Information ->
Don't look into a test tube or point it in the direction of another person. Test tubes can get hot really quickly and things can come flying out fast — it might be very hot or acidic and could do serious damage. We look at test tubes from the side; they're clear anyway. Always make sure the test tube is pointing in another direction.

...

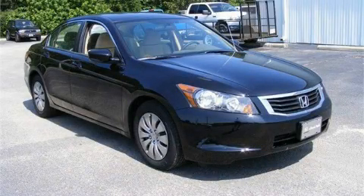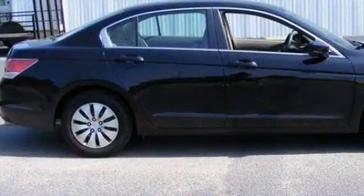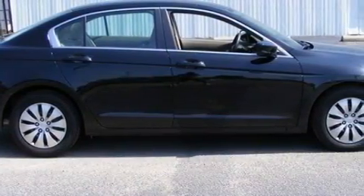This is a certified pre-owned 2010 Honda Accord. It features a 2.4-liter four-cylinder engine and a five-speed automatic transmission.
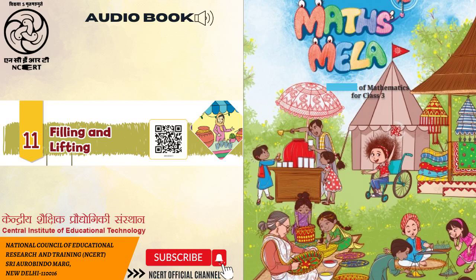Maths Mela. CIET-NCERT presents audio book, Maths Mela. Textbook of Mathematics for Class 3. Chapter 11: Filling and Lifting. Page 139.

Work item ->
Among the entries above, copy exactly the stretch from the line holding "This is a certified" through the line holding "Maths Mela. CIET-NCERT", leaving out any pictures.

Result for this exercise ->
This is a certified pre-owned 2010 Honda Accord. It features a 2.4-liter four-cylinder engine and a five-speed automatic transmission.
Maths Mela. CIET-NCERT presents audio book, Maths Mela. Textbook of Mathematics for Class 3. Chapter 11: Filling and Lifting. Page 139.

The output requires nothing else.